= D. Jade Simon =

American paleontologist

D. Jade Simon is an American paleontologist, scientific communicator, and disability rights advocate. She is currently a Ph.D. candidate at the University of Toronto, where she studies the paleobiology of oviraptorosaur dinosaurs.

== Academic background ==
Simon obtained a Bachelor of Science in Geology and a Bachelor of Arts in Anthropology from West Virginia University in 2009. She obtained her M.Sc. in Earth Sciences from Montana State University, where she studied the Cretaceous oogenus Macroelongatoolithus with David Varricchio. From 2014 to 2016, she worked as a temporary lecturer and adjunct instructor at the College of Western Idaho (2014) and Boise State University (2014–2016), where she taught biology and geology courses. Since 2016, she has been a Ph.D. student at the University of Toronto and the Royal Ontario Museum, where she studies the ecology, growth, and diversity of North American oviraptorosaurs with David Evans.

== Academic contributions ==
Simon has published peer-reviewed articles on Cretaceous dinosaur faunas, dinosaur eggs, and the morphology and histology of oviraptorosaurs. Her research has been cited more than 90 times and is published in leading discipline journals such as the Journal of Vertebrate Paleontology and Papers in Palaeontology. She has received numerous awards in support of her research from academic societies, non-profits, and universities; this includes the General Motors Women in Science and Mathematics Award (2018); several grants from the Dinosaur Research Institute (2016, 2017, 2018), the Society of Systematic Biologists (2018), the Jurassic Foundation (2018), the International Alliance for Ability in Science's Outstanding Scholar in STEM Award (2021), and the prestigious Ontario Trillium Scholarship (2016–2020). She has also conducted an extensive array of paleontological and biological fieldwork, the former primarily in terrestrial Cretaceous deposits of Alberta, British Columbia, Idaho, Montana, Wyoming, and China, and the latter primarily with long-term monitoring of American kestrels in association with the Raptor Research Center.

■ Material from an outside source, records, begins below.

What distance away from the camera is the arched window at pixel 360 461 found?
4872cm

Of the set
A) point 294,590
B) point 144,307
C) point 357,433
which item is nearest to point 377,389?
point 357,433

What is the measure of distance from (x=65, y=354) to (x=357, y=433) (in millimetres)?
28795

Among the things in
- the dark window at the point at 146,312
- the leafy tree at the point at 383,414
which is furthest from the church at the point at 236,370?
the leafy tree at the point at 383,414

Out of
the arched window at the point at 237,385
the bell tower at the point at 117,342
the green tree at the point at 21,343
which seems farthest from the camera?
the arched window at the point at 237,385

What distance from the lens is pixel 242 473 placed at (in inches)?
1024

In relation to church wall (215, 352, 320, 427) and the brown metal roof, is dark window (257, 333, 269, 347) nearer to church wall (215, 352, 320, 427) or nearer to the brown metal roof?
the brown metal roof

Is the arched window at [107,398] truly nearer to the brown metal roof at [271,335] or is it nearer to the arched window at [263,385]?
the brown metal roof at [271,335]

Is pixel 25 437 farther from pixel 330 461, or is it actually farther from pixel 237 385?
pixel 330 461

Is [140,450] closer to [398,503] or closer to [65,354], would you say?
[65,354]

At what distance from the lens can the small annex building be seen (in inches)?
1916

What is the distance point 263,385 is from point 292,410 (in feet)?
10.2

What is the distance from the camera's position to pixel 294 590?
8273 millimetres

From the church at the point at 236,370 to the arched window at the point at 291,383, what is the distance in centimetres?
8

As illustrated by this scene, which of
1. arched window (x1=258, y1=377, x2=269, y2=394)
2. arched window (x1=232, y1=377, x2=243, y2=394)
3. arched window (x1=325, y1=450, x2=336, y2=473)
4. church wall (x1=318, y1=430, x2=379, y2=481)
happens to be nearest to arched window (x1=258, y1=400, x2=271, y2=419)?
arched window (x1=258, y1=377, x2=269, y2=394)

== Advocacy and outreach ==
Simon is a leading disability rights advocate and is active in initiatives within universities and academies societies that seek to increase the visibility of, and the access for, disabled people in academic and research settings. She has a connective tissue disorder (generalized Hypermobile Spectrum Disorder / hypermobile Ehlers Danlos Syndrome), which affects her mobility and balance and can cause heart issues (commonly associated with dysautonomia) and for which she has a golden retriever service dog named Basil Mae, who is featured prominently in her scientific communication and outreach work. Simon and Basil Mae are active on social media and have been featured on numerous scientific communication outlets and media, including STEMcognito, The Science Pawdcast, the ROMKids Show hosted by the Royal Ontario Museum, and SoapboxScience, and in numerous articles highlighting her work and advocacy for disability rights.